Oft genug sind die Verfassungsrichter als "Ersatzgesetzgeber" gescholten worden. Diesmal war es andersrum: Aus den Reihen der CDU verlautete nach dem Urteil zum rot-grünen Etat 2004, man hätte sich klarere Vorgaben zur Schuldenbegrenzung gewünscht. Dabei ist die Union bekanntlich an der Regierung - sie könnte also selbst tun, was Karlsruhe unterlassen hat.

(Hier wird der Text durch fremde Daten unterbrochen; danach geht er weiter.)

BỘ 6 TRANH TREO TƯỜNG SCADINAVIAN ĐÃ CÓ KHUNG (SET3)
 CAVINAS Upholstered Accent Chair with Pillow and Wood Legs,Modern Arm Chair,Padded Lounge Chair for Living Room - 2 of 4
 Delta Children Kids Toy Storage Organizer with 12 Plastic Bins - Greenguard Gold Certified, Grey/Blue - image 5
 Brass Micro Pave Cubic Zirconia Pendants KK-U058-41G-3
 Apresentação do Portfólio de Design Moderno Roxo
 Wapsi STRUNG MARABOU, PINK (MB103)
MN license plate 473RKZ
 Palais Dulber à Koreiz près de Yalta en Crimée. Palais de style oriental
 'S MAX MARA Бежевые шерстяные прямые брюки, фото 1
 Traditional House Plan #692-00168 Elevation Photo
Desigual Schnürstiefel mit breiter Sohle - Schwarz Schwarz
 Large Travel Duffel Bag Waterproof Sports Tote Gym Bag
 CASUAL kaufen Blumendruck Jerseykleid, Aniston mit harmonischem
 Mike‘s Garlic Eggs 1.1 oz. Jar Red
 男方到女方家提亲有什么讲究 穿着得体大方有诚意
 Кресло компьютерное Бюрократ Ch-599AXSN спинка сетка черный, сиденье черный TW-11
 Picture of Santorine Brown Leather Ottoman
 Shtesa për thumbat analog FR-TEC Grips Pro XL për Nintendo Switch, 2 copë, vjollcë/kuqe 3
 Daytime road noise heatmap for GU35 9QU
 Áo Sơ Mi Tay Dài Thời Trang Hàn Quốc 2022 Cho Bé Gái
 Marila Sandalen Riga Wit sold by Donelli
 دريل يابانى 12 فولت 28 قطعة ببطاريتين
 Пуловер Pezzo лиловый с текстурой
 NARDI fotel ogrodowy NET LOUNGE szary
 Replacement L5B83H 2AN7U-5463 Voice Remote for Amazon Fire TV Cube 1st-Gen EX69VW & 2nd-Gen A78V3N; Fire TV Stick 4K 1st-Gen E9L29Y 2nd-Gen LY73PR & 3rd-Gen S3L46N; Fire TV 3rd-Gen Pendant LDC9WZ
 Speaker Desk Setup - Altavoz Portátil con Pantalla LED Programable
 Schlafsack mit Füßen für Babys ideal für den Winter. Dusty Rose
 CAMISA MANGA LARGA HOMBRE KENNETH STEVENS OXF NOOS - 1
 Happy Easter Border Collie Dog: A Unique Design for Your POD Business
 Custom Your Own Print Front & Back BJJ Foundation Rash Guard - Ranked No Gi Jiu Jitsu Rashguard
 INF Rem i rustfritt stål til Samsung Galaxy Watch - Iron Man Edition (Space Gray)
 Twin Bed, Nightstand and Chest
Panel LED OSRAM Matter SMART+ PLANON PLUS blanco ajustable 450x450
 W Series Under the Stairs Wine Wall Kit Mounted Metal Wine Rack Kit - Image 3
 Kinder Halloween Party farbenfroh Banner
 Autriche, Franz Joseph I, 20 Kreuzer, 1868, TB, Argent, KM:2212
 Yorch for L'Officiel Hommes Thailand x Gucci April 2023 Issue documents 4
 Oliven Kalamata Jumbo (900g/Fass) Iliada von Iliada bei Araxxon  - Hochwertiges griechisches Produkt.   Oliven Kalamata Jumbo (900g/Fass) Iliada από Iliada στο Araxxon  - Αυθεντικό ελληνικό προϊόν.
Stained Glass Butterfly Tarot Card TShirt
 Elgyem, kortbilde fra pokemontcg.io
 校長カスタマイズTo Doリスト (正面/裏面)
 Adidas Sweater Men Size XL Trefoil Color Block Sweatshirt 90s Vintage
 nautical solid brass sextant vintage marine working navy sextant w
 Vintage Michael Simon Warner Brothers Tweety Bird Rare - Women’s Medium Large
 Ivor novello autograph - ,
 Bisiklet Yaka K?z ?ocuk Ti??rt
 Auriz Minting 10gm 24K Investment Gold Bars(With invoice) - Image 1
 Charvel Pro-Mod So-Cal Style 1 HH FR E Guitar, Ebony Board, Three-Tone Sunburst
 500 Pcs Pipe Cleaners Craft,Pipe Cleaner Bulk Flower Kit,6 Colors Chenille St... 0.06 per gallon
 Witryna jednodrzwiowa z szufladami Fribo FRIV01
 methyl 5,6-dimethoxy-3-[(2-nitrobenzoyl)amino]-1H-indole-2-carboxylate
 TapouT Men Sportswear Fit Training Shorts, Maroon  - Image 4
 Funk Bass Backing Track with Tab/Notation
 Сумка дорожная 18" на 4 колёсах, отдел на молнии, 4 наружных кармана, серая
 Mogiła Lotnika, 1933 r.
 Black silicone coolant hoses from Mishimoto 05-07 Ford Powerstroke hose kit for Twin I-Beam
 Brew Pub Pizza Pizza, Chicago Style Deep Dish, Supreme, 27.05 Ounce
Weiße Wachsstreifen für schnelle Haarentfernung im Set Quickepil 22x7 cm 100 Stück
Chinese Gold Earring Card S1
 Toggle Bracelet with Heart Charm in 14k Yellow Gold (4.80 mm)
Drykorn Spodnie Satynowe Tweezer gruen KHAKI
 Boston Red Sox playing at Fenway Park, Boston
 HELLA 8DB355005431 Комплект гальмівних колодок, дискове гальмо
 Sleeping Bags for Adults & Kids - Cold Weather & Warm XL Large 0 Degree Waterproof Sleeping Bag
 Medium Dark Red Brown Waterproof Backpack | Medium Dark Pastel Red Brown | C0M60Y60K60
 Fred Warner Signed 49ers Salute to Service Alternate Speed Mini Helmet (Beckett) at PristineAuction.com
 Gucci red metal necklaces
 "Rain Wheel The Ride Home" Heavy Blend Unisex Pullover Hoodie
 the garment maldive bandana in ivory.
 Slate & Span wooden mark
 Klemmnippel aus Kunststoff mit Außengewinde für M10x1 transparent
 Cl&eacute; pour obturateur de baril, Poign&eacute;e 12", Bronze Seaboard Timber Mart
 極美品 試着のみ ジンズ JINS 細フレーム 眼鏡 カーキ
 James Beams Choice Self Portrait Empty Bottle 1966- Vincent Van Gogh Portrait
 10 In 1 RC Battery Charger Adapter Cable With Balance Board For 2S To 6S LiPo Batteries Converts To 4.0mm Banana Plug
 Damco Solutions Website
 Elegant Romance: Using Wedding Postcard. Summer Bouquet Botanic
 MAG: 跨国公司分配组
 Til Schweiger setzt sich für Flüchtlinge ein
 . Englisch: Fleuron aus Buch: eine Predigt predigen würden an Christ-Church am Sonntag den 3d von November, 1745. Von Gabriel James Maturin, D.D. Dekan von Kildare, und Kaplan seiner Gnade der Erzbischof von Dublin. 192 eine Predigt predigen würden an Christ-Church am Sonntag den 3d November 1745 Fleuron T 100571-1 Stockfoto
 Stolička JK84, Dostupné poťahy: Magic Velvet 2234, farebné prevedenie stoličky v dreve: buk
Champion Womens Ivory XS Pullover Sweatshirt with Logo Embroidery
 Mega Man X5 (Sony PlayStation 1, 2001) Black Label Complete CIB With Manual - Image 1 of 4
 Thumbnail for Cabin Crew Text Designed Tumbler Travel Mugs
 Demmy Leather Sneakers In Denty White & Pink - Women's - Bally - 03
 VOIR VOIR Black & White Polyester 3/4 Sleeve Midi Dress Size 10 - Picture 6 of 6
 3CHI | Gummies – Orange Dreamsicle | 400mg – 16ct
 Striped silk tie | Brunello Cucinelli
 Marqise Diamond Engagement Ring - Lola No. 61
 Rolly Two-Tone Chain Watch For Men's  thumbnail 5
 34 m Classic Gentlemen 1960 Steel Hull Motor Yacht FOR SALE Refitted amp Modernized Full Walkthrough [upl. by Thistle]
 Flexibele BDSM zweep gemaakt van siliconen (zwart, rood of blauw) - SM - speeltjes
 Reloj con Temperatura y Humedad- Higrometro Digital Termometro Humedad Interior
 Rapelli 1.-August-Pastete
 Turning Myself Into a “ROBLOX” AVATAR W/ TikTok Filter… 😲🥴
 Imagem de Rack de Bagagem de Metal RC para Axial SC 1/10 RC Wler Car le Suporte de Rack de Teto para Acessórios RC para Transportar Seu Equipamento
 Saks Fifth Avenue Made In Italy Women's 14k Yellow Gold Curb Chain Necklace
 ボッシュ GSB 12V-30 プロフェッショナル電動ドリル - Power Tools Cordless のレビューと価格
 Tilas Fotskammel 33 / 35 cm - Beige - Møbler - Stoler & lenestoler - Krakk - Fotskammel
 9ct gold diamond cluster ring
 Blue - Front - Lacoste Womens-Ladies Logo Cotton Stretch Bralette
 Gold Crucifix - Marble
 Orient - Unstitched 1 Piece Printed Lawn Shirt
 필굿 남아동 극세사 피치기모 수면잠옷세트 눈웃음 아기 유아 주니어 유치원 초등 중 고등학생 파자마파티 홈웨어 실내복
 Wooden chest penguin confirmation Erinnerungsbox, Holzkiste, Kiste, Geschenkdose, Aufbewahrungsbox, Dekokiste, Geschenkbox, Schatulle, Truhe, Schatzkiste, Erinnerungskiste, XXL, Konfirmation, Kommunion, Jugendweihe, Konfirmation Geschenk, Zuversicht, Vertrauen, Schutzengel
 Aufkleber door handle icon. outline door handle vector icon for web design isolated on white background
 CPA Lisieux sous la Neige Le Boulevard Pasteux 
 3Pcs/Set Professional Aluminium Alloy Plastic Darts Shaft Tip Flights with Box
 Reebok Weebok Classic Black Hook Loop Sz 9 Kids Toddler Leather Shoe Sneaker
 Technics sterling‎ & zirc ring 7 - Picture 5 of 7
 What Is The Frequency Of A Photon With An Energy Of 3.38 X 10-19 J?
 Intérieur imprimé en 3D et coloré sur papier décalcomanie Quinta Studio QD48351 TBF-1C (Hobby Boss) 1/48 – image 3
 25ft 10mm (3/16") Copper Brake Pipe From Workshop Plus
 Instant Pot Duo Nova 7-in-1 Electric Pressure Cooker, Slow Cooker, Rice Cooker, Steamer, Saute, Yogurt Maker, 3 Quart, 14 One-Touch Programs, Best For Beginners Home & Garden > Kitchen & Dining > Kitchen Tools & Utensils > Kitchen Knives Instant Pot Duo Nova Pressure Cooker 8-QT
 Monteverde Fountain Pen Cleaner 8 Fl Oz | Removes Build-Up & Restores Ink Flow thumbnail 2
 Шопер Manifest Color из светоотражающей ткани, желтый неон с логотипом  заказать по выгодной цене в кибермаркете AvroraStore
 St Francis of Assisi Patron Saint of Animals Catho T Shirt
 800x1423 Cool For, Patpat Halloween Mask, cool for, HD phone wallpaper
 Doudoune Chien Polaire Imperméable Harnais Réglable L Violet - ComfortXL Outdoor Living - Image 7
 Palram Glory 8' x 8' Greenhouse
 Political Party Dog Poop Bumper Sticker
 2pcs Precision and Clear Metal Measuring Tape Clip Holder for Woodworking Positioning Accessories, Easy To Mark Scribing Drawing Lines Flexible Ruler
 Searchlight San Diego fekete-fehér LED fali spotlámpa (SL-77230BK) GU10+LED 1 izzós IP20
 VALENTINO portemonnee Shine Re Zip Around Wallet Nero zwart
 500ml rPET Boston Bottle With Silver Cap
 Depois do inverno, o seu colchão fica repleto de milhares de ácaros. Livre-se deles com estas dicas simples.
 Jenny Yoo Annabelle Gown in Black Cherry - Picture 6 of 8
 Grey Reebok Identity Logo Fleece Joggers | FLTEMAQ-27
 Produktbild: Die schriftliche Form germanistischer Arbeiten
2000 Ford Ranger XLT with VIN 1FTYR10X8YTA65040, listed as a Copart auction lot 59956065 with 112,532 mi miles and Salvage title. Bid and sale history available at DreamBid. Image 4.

Doch die Politik misstraut sich selbst: Sollte sich nun ausgerecht jener Bundestag Schuldengrenzen verordnen, der seit vier Jahrzehnten Schuldenhaushalt um Schuldenhaushalt verabschiedet hat? Zwar wächst allenthalben die Einsicht, dass ordentliches Haushalten - ähnlich wie der Klimaschutz - Verantwortung für künftige Generationen bedeutet. Doch selbst nach Steinbrücks für 2011 versprochener "Null" wäre der 900-Milliarden-Schuldenberg noch keinen Cent geschrumpft.
Das Bundesverfassungsgericht hat die historische Chance verpasst, den Trend zum Sparen unumkehrbar zu machen. So sehr die Richter auch an den Gesetzgeber appellieren: Sie haben nur die Lippen gespitzt - pfeifen sollen andere. Dabei hätten sie nur tun müssen, was seit jeher das Geschäft der Juristen ist: einen Begriff definieren. Denn die Regelgrenze für neue Schulden ist laut Grundgesetz die Höhe der "Investitionen" - ein notorisch unscharfer Terminus. Mit klaren Konturen hätte Karlsruhe den Spielraum zum Schuldenmachen empfindlich eingeschränkt - ganz ohne sich zum Ersatzgesetzgeber aufzuschwingen.